What is being asked
What you return must match every record word for word.

Information given
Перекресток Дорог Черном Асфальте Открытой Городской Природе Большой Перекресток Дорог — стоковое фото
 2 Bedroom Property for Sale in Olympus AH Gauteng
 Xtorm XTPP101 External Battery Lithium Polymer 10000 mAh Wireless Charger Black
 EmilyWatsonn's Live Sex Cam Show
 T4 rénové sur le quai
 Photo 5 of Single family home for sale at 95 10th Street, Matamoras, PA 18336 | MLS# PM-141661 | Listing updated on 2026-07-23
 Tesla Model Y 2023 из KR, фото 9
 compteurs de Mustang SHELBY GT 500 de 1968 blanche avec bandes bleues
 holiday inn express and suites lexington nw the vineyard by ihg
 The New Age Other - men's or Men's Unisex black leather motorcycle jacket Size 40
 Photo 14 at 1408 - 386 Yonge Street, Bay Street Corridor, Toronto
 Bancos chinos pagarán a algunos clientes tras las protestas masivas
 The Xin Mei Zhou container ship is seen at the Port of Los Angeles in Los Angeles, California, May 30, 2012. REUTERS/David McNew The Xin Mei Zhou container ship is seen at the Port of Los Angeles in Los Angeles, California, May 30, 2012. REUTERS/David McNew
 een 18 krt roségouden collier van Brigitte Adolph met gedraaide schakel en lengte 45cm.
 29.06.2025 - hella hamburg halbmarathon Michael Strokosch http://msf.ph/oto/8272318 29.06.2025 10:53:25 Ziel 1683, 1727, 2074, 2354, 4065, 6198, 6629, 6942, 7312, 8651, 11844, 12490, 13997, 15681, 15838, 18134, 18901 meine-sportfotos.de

Task answer
Перекресток Дорог Черном Асфальте Открытой Городской Природе Большой Перекресток Дорог — стоковое фото
 2 Bedroom Property for Sale in Olympus AH Gauteng
 Xtorm XTPP101 External Battery Lithium Polymer 10000 mAh Wireless Charger Black
 EmilyWatsonn's Live Sex Cam Show
 T4 rénové sur le quai
 Photo 5 of Single family home for sale at 95 10th Street, Matamoras, PA 18336 | MLS# PM-141661 | Listing updated on 2026-07-23
 Tesla Model Y 2023 из KR, фото 9
 compteurs de Mustang SHELBY GT 500 de 1968 blanche avec bandes bleues
 holiday inn express and suites lexington nw the vineyard by ihg
 The New Age Other - men's or Men's Unisex black leather motorcycle jacket Size 40
 Photo 14 at 1408 - 386 Yonge Street, Bay Street Corridor, Toronto
 Bancos chinos pagarán a algunos clientes tras las protestas masivas
 The Xin Mei Zhou container ship is seen at the Port of Los Angeles in Los Angeles, California, May 30, 2012. REUTERS/David McNew The Xin Mei Zhou container ship is seen at the Port of Los Angeles in Los Angeles, California, May 30, 2012. REUTERS/David McNew
 een 18 krt roségouden collier van Brigitte Adolph met gedraaide schakel en lengte 45cm.
 29.06.2025 - hella hamburg halbmarathon Michael Strokosch http://msf.ph/oto/8272318 29.06.2025 10:53:25 Ziel 1683, 1727, 2074, 2354, 4065, 6198, 6629, 6942, 7312, 8651, 11844, 12490, 13997, 15681, 15838, 18134, 18901 meine-sportfotos.de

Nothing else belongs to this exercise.